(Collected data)
####################
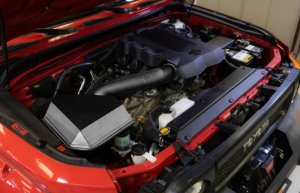 Toyota 4Runner Performance Air Intake - K&N Engineering - DRYFLOW - `10-`23 Toyota 4Runner Performance Air Intake - K&N Engineering - DRYFLOW - `10-`23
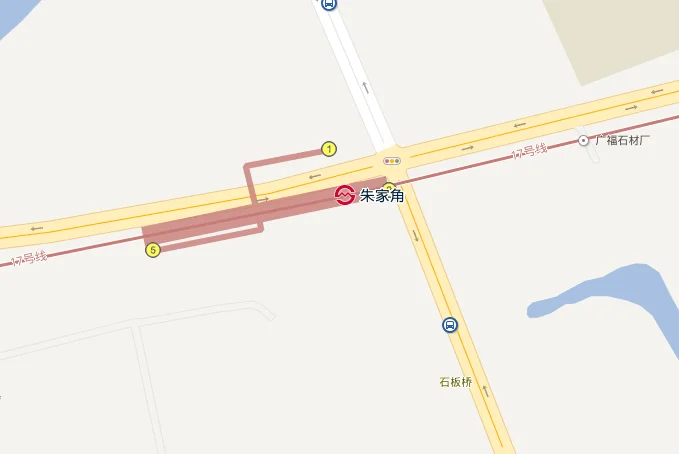 到青浦朱家角乘地铁几号线(沈庄到朱家角地铁线路)1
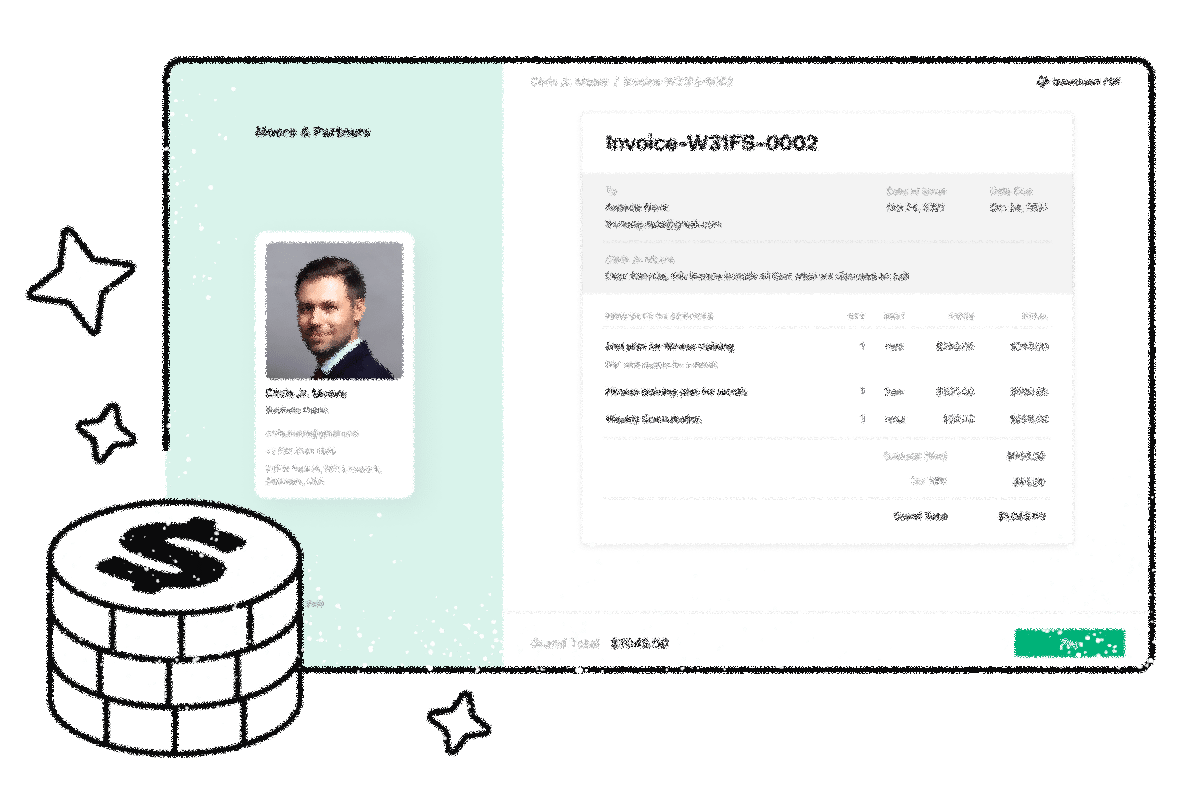 Payment already included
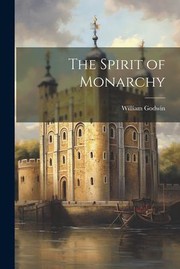 Cover of: Spirit of Monarchy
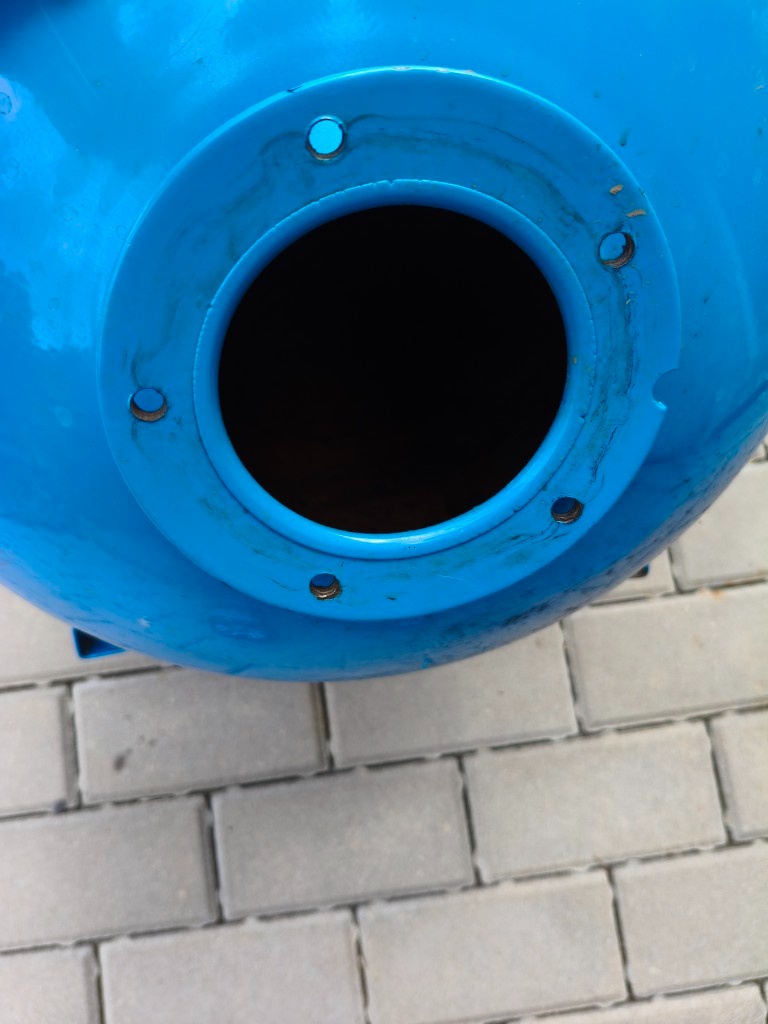 Tlaková nádrž 50L - 3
####################
* **EXERCISE**
Drop the pictures and set down the data above exactly.

* **OUTPUT FOR THIS EXERCISE**
 Toyota 4Runner Performance Air Intake - K&N Engineering - DRYFLOW - `10-`23 Toyota 4Runner Performance Air Intake - K&N Engineering - DRYFLOW - `10-`23
 到青浦朱家角乘地铁几号线(沈庄到朱家角地铁线路)1
 Payment already included
 Cover of: Spirit of Monarchy
 Tlaková nádrž 50L - 3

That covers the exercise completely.